Esas visitas, por aquellos entonces eran parte de la cotidianeidad y hoy al revivirlos se resignifican y explican la afinidad que se tejió más allá de la consanguineidad con los primos: Ponchito, Diana, Lulis, Rafael, Tere y Pepe. Al paso del tiempo pasaron a ser parte del inventario de ese mundo mágico, entrañable, lleno de risas, de libertad, de tardes largas y memorables ¡poblado de seres de carne y hueso de los que hoy muchos solo habitan en el recuerdo!

Y si, son justamente eso, los recuerdos los que al final quedan. Marcan la memoria, ¿qué sería de nosotros sin ellos? suplen la ausencia física de quienes se han adelantado o de quienes, por azares de la vida, ya no coincidimos en tiempo y espacio, pero que podemos volverlos a ver con tan solo cerrar los ojos.

Cuando cae el telón de la vida de padres, tíos, amigos…  algo de nosotros muere también. Un privilegio doloroso de la vida es atestiguar esas partidas que se visten de funeral, ¿Cuántas despedidas hemos cargado y cargaremos en el peregrinar terrenal? ¡Nadie lo sabe! Pero sí podemos estar seguros de algo: cuando llegue nuestro momento de partir, tendremos la certeza de haber sido sembradores de momentos que se construyeron sobre girones de vida que estarán permanentemente radicados en la memoria y el corazón.

Eso fue justamente lo que hizo la tía Licha. Sembró. Y hoy su cuerpo inerte nos convoca al réquiem por un alma que trasciende, que se eleva y que permanece.
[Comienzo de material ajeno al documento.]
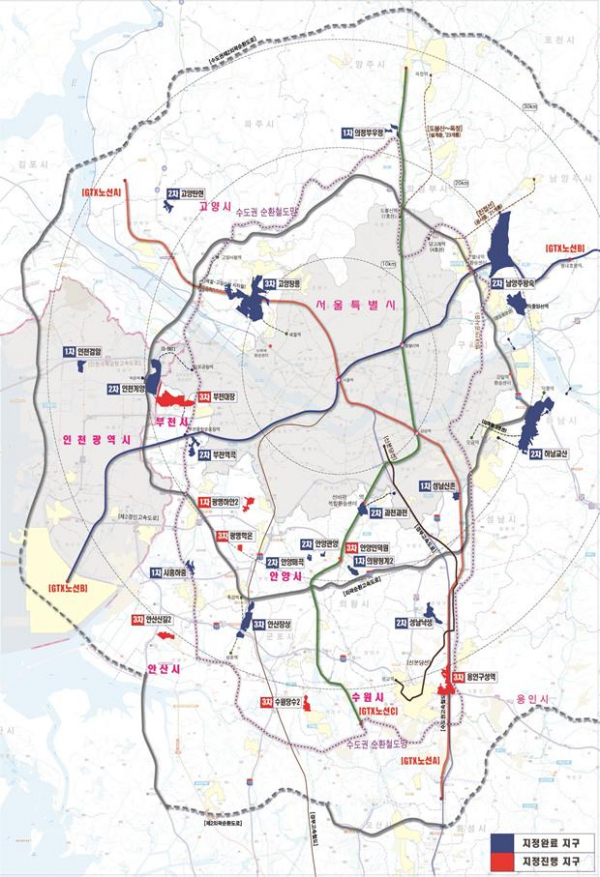 ▲수도권 30만호 공공택지지구 위치도. (국토교통부)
Ella sigue aquí, en estas benditas tierras donde siempre quiso estar y donde tantas veces siguió estando aun en ausencia: cuidando su jardín, sus pájaros, su casa, sus amigos, ¡¡¡su esencia!!!

Los que mueren en la gracia de Dios saben que la resurrección empieza desde el primer instante de la ausencia, porque, como bien está escrito: “El que cree en mí, nunca morirá.”


Descanse en paz, Elisa Quiñonez Quiñonez viuda de Aguirre, "La tía Licha", mujer creyente y respetuosa del creador.


Sus funerales este miércoles 26 de noviembre a las 12 del día en el templo del Sagrado Corazón de Santa Bárbara para posteriormente partir a su ultima morada en el panteón municipal de ese lugar.